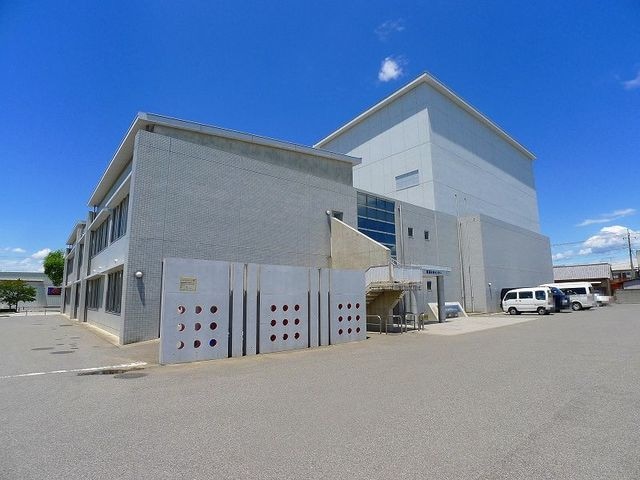 太田市尾島行政センターまで1400m ピュア　チェリー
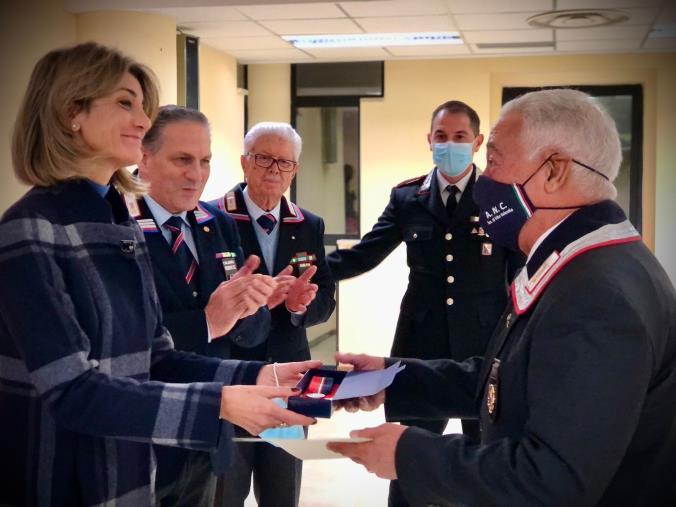 images Il prefetto Lulli consegna gli 'Attestati di fedeltà' ai soci dell’Associazione nazionale carabinieri di Vibo Valentia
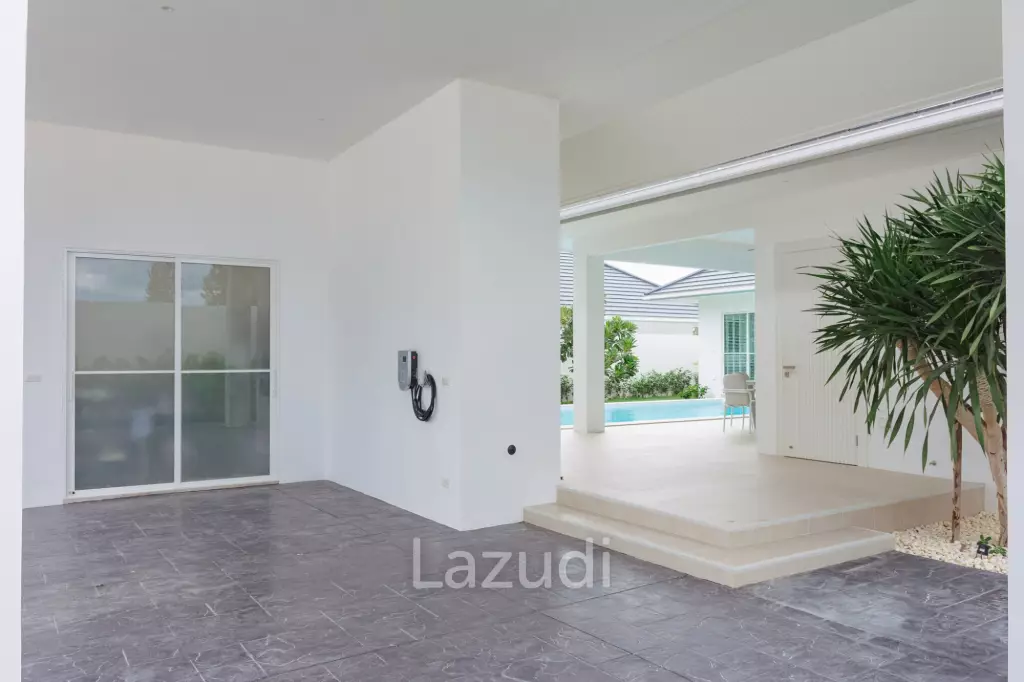 250 sqm pool villa in Hua Hin Thap Tai Eeden Luxe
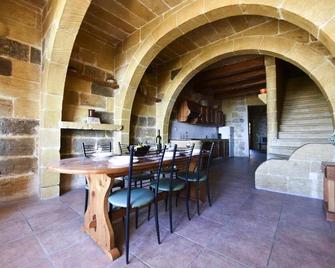 Farmhouse overlooking the wonderful seaview of Comino Island! - Qala - Comedor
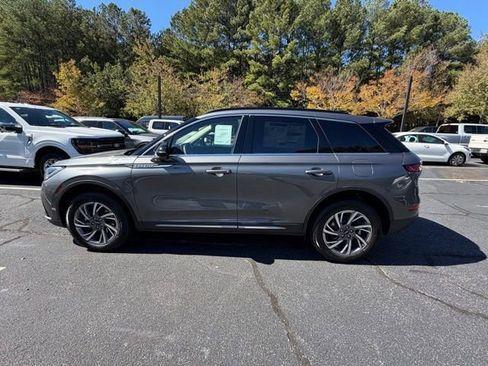 New 2026 Lincoln Corsair Premiere image 4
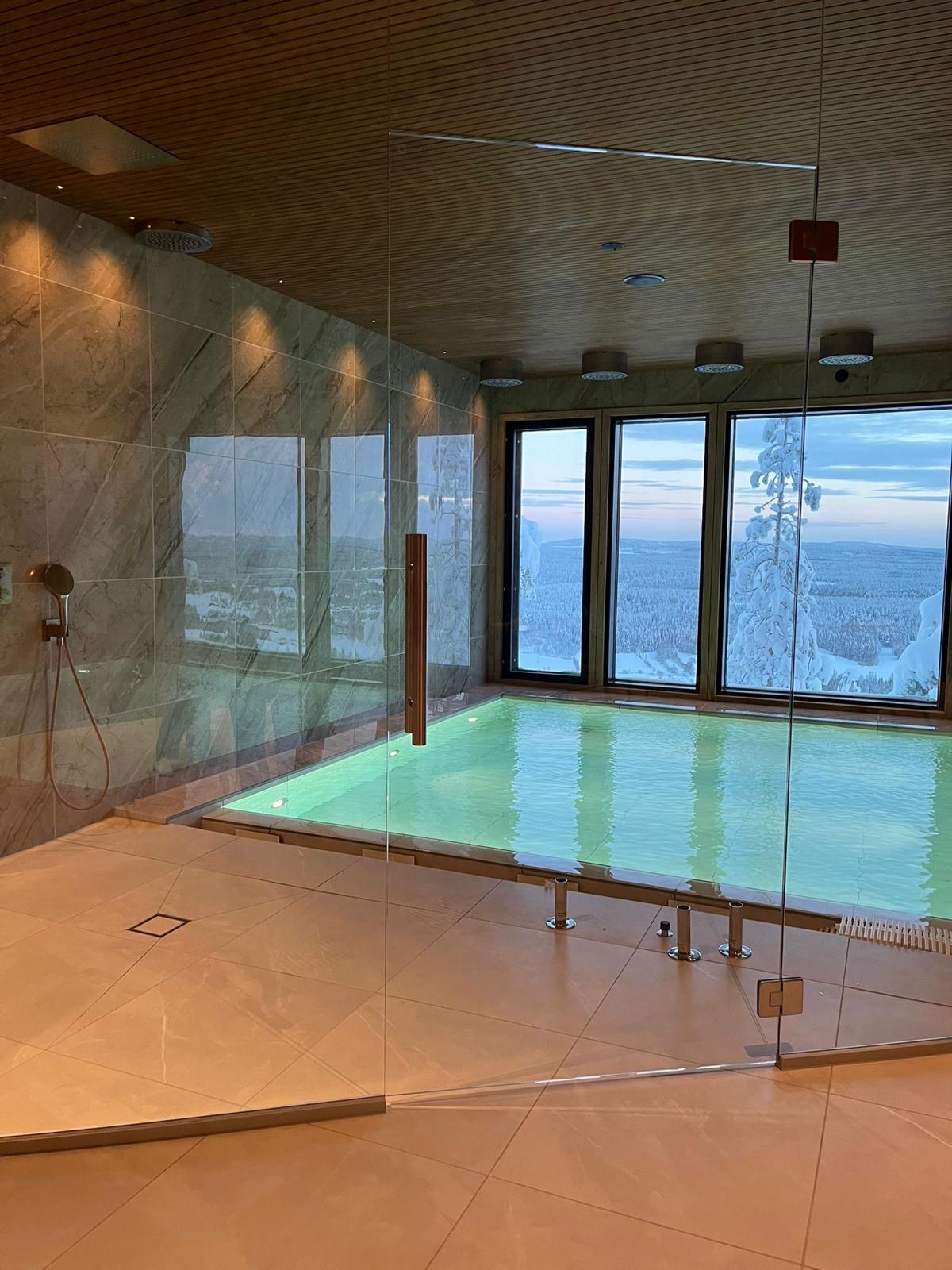 kylpyhuone ennen jälkeen syväpuhdistus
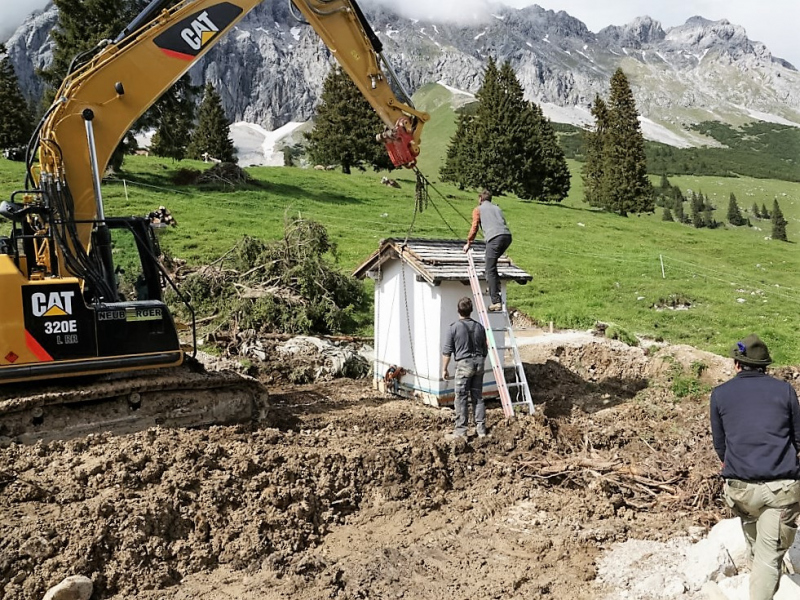 Verlegung der Feldernalmkapelle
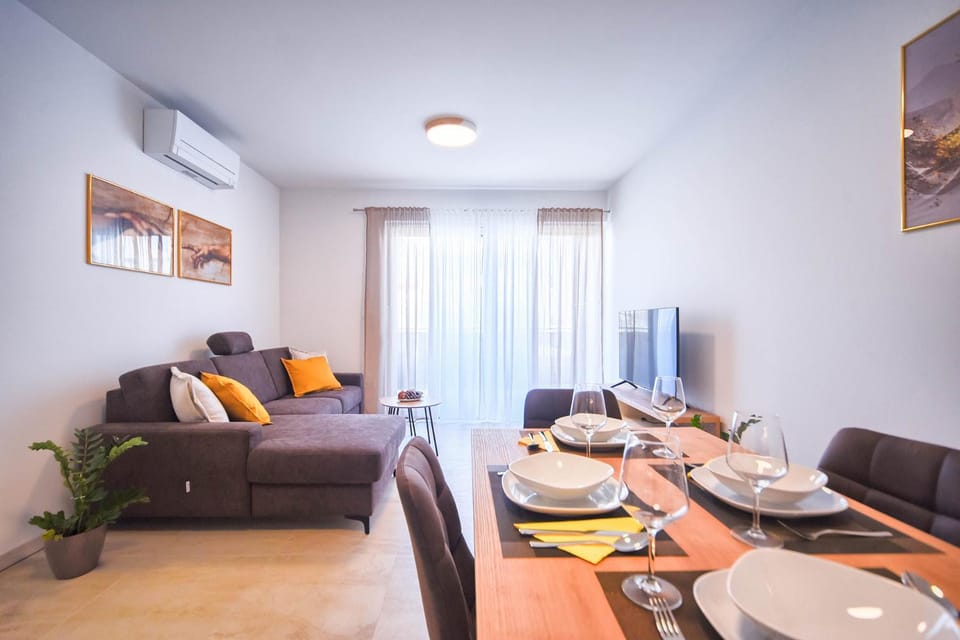 Living room, Seating area, Dining area, air conditioner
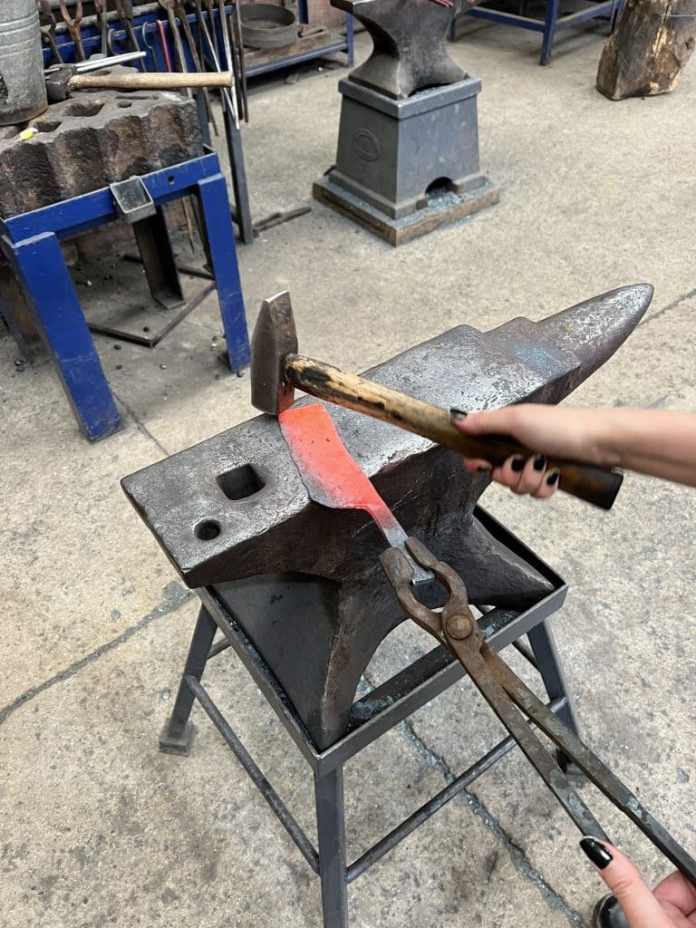 Oldfield Forge Knife Shaping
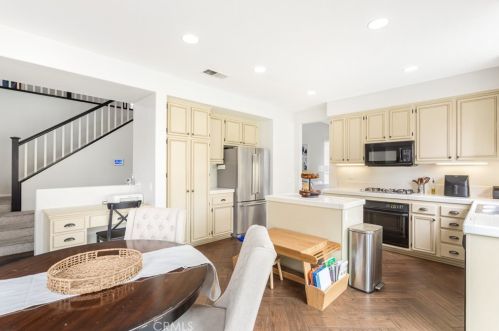 32290 Calle Avella, Temecula CA  92592-3860 exterior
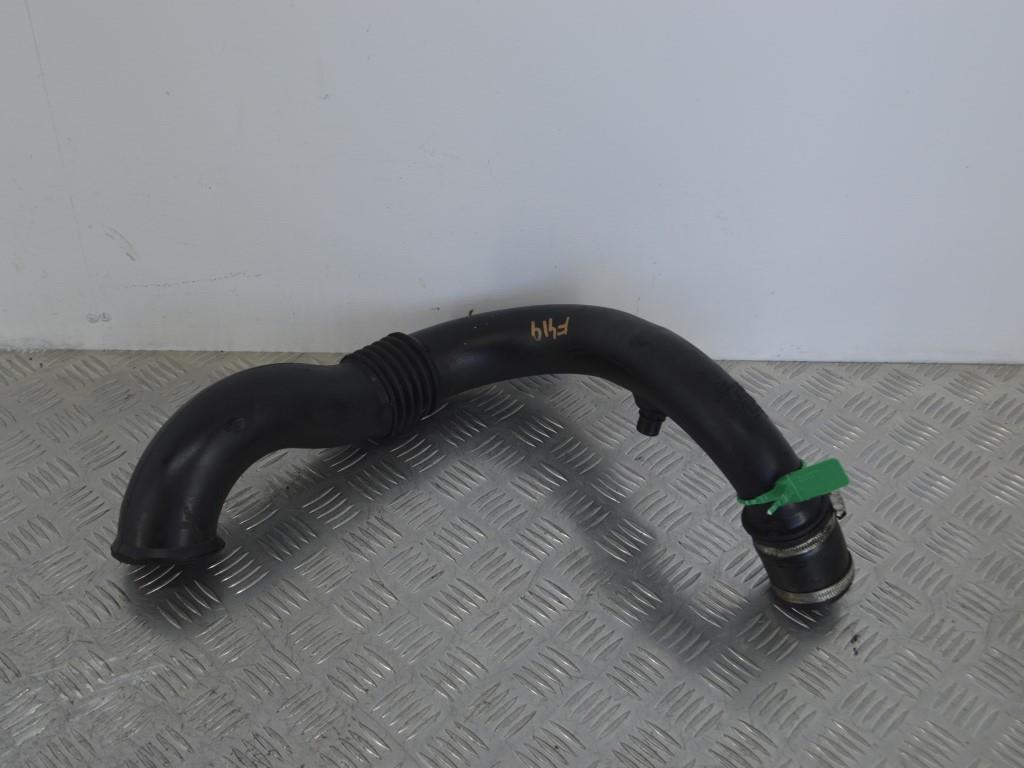 Патрубок воздушного фильтра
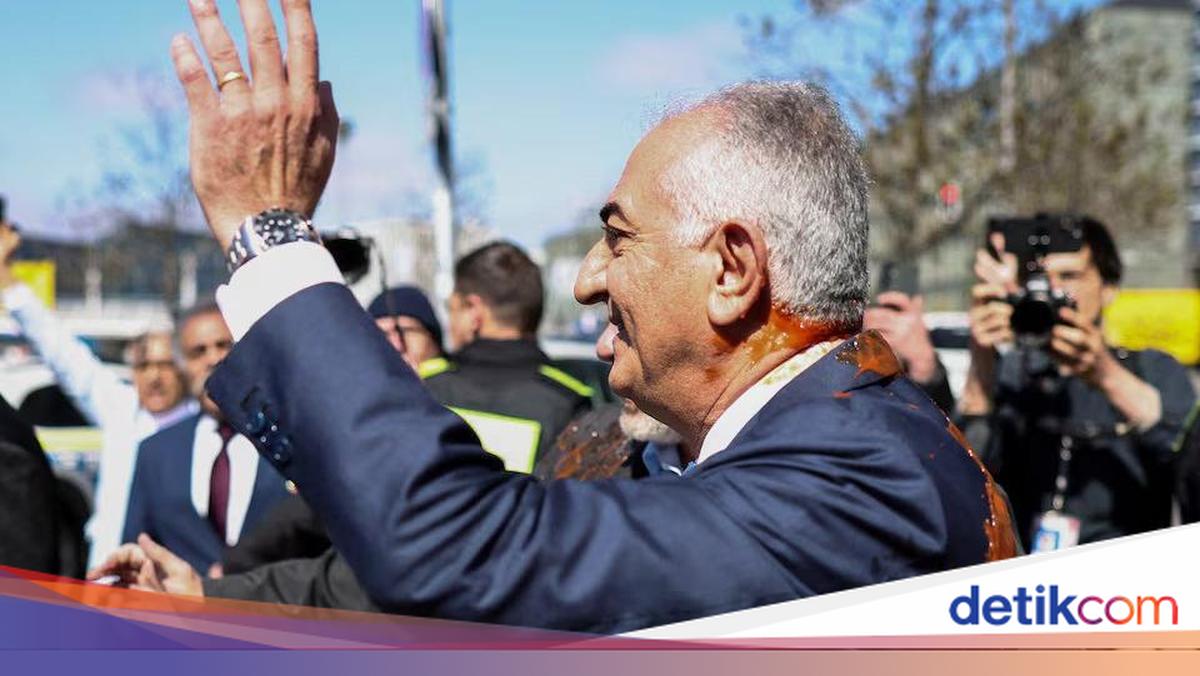 Cairan Merah Sasar Eks Putra Mahkota Iran di Jerman
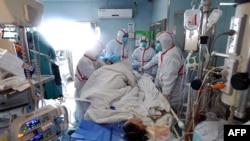 2017年2月12日,一名H7N9禽流感患者在中国湖北省武汉的一家医院接受治疗。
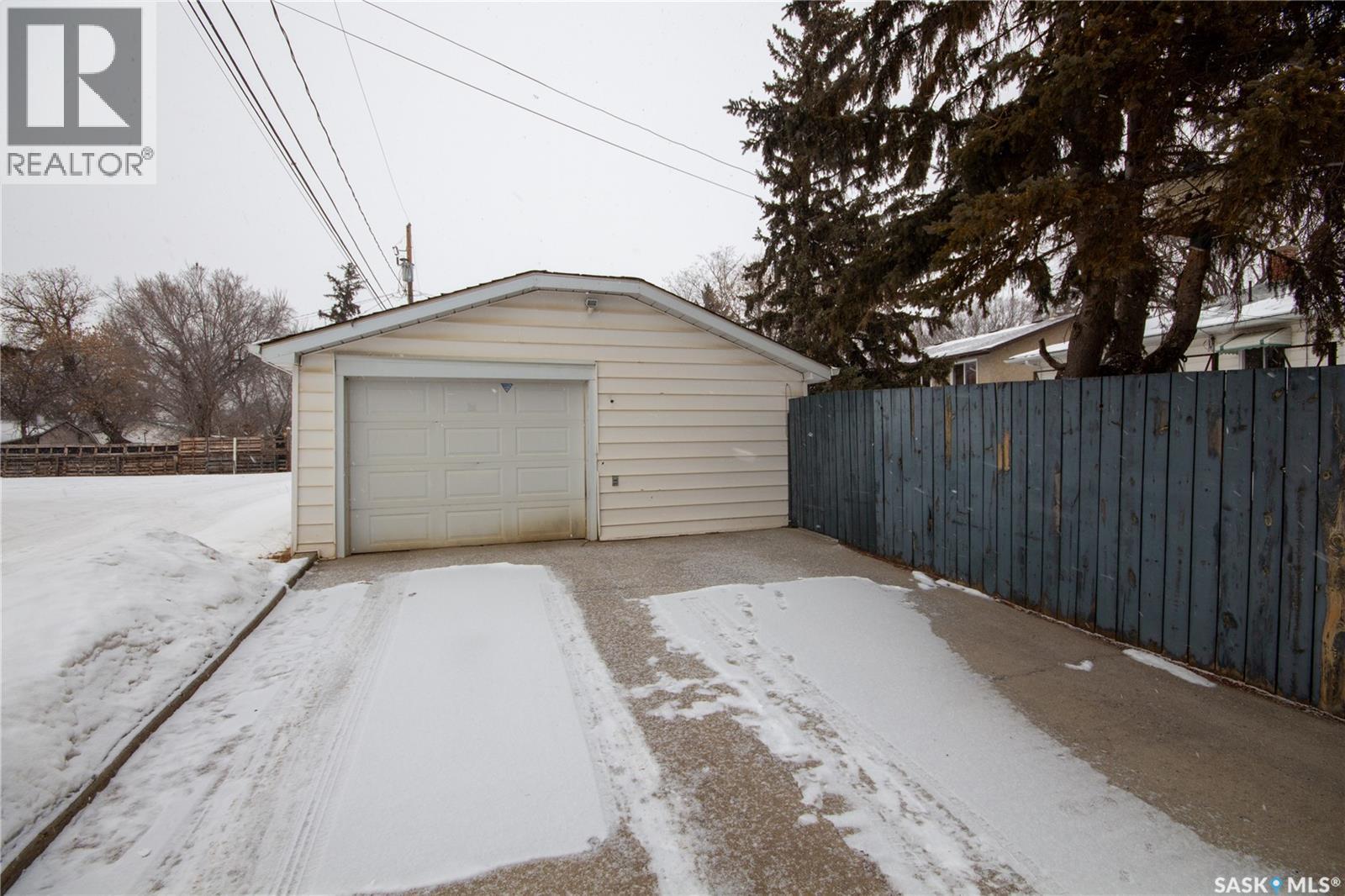 1701 102nd Street, North Battleford, Saskatchewan  S9A 1H2 - Photo 23 - SK029884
+++
Give back word for word the lines from the one containing "2017年2月12日,一名H" through the final line of the data above. Pictures are to be left out.

 2017年2月12日,一名H7N9禽流感患者在中国湖北省武汉的一家医院接受治疗。
 1701 102nd Street, North Battleford, Saskatchewan  S9A 1H2 - Photo 23 - SK029884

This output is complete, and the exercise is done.